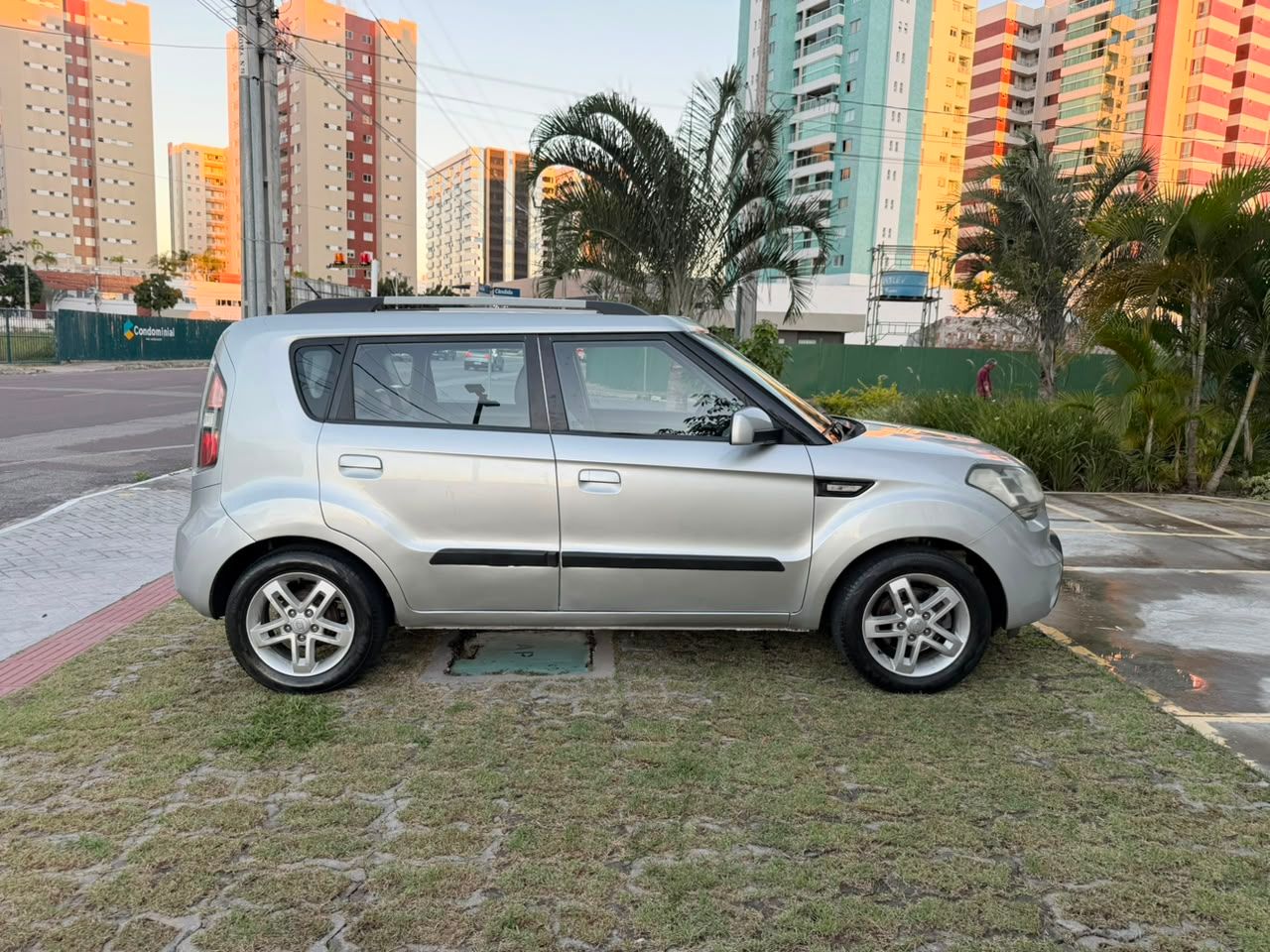 Kia Motors SOUL 4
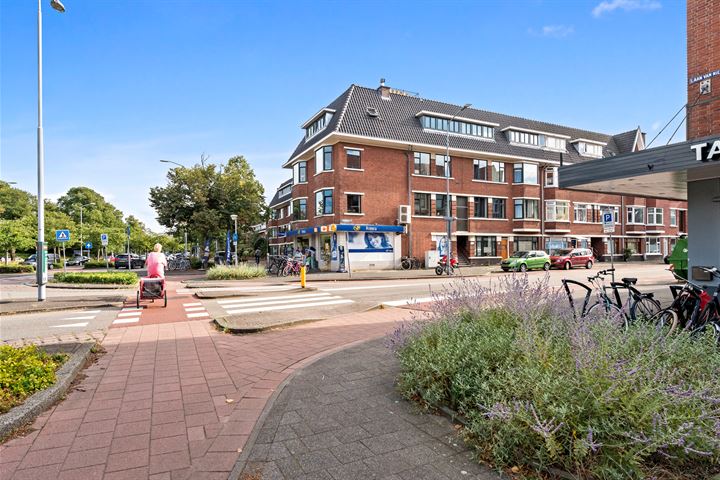 View photo 30 of van Gaesbekestraat 10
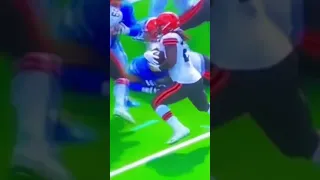 Kareem Hunt does pushups in the end zone 🤣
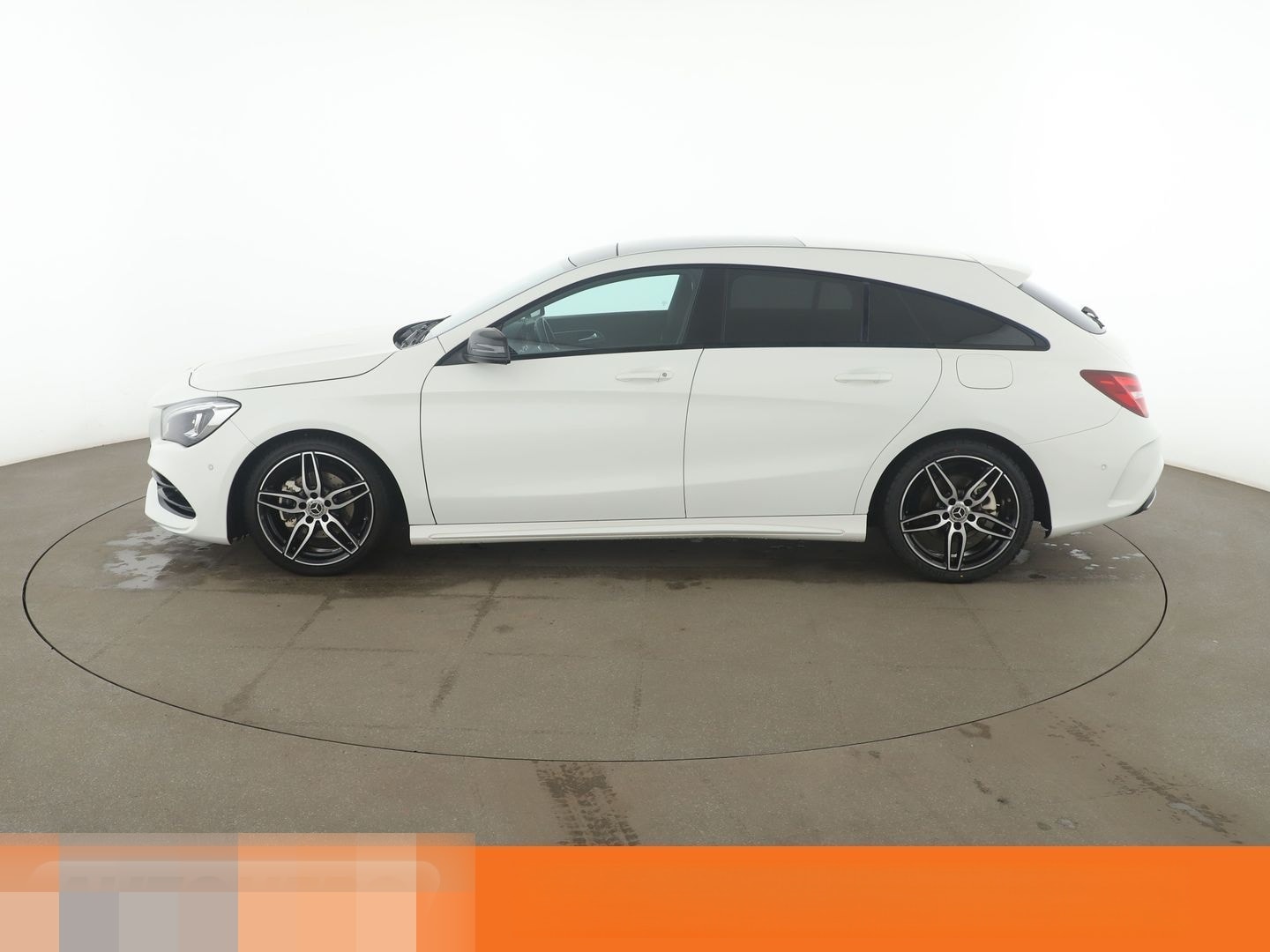 Mercedes-Benz CLA-Klasse CLA 180 Shooting Brake AMG Line Aut. foto 3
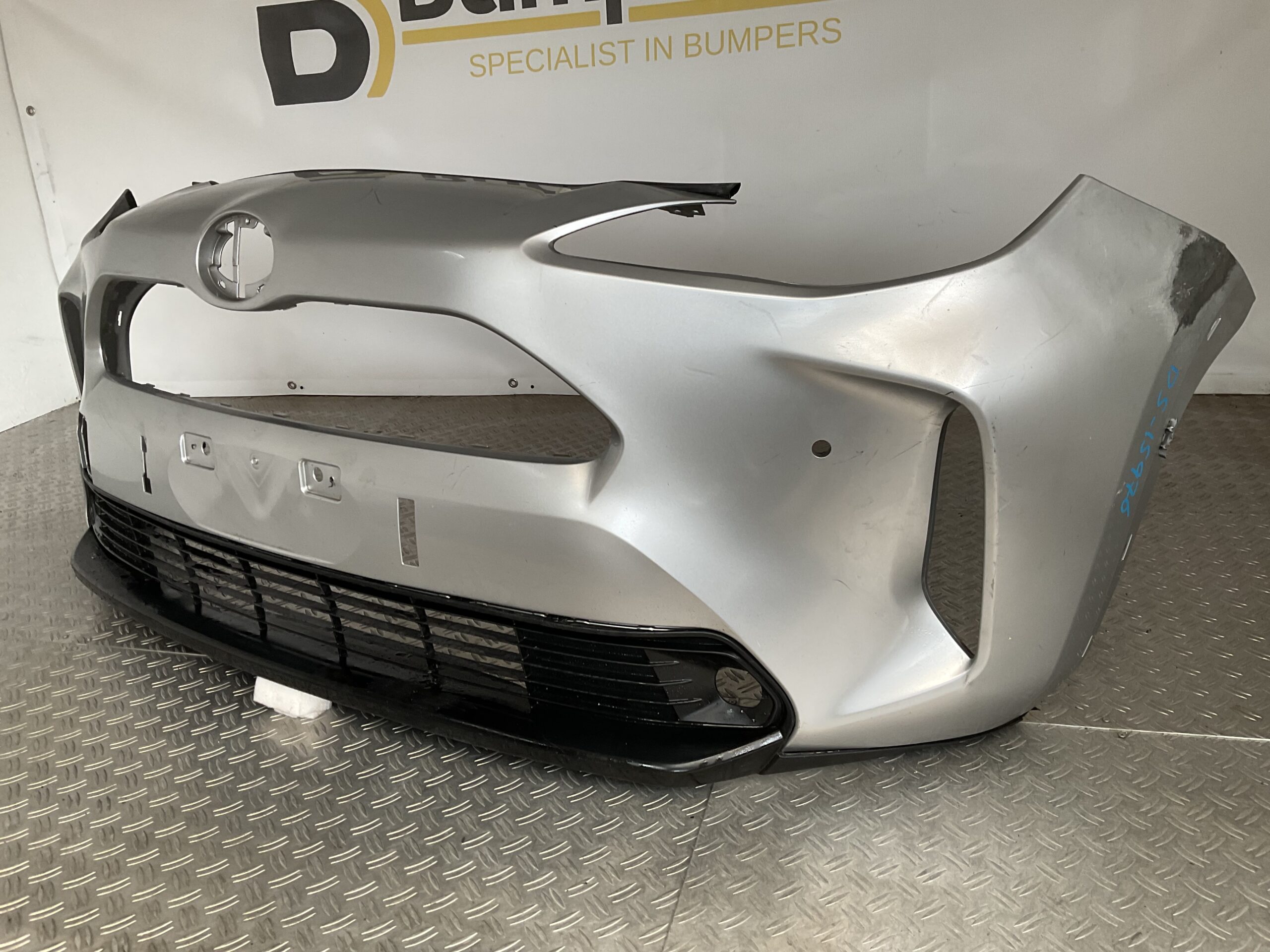 Bumper Toyota Yaris Cross 20-25 pdc 52119-0DC20 Voorbumper D5-15976z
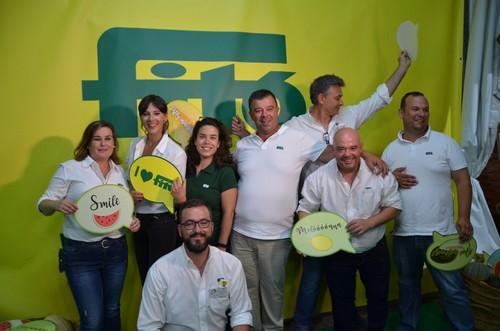 El equipo de Fitó posa divertido en su propio 'photo call'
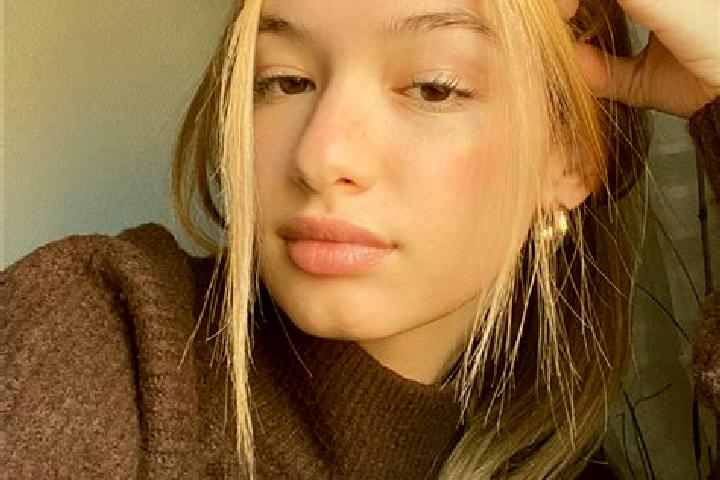 Ariana, 37, a blonde brown-eyed middle eastern companion based in Petersberg. Offering Travel Companion, Girlfriend Experience. Available for incall and outc...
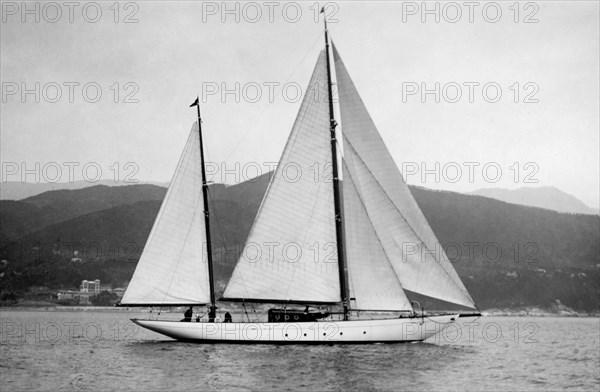 sailing boat, 1920-30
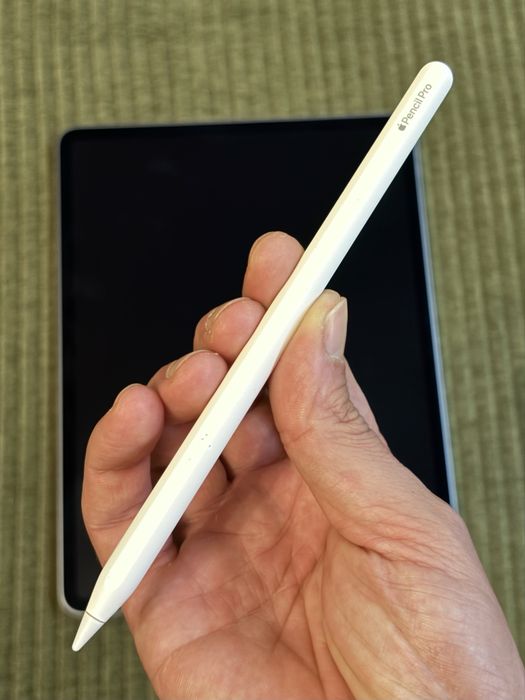 iPad Air 13” (M2), 256GB, albastru, împreună cu Apple Pencil Pro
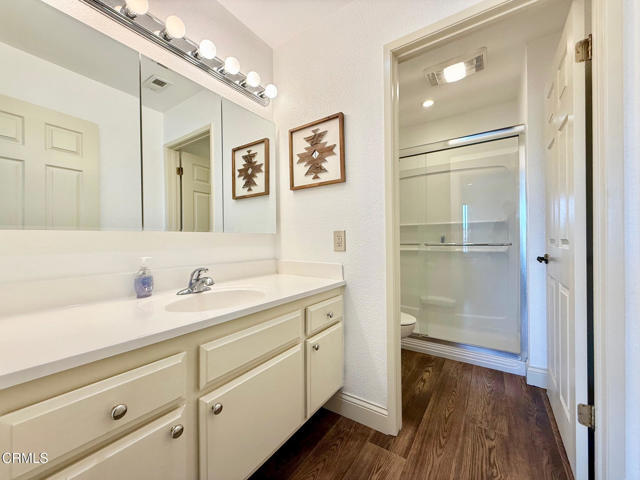Building Photo - 615 Island View Cir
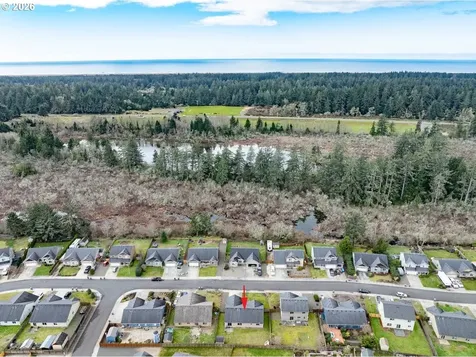 332 SW Kalmia Avenue Warrenton OR 97146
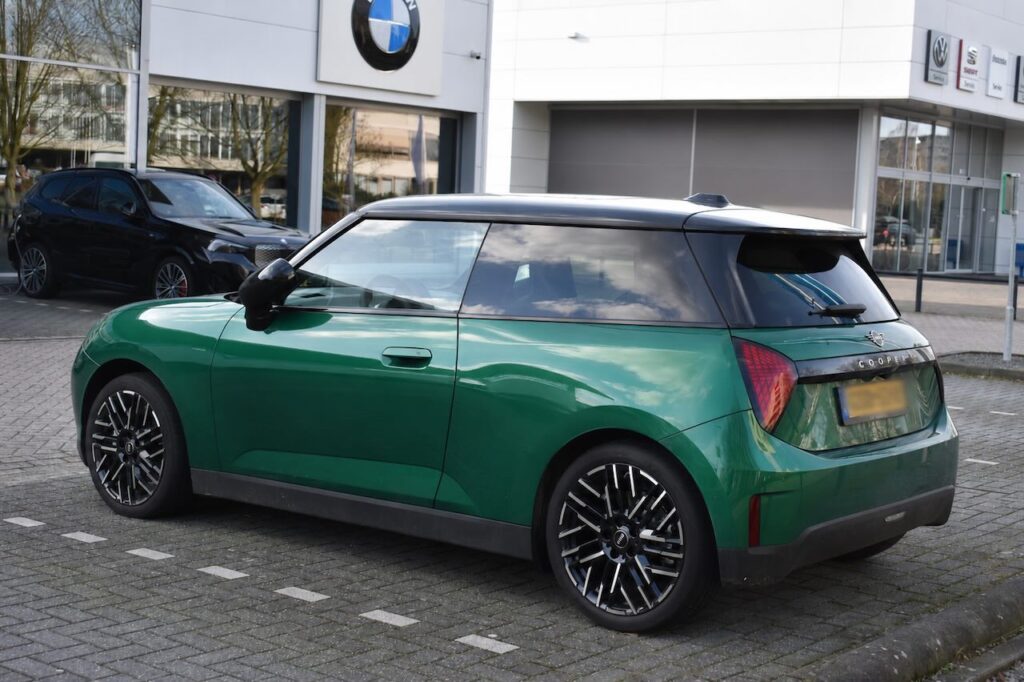 Flinke domper voor EV-rijders: elektrische auto’s verliezen razendsnel hun waarde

* * *

Set down, word for word, the line that holds "El equipo de" and all lines after it to the end of the entries above, but not the pictures.

## WRITTEN RESPONSE
 El equipo de Fitó posa divertido en su propio 'photo call'
 Ariana, 37, a blonde brown-eyed middle eastern companion based in Petersberg. Offering Travel Companion, Girlfriend Experience. Available for incall and outc...
 sailing boat, 1920-30
 iPad Air 13” (M2), 256GB, albastru, împreună cu Apple Pencil Pro
Building Photo - 615 Island View Cir
 332 SW Kalmia Avenue Warrenton OR 97146
 Flinke domper voor EV-rijders: elektrische auto’s verliezen razendsnel hun waarde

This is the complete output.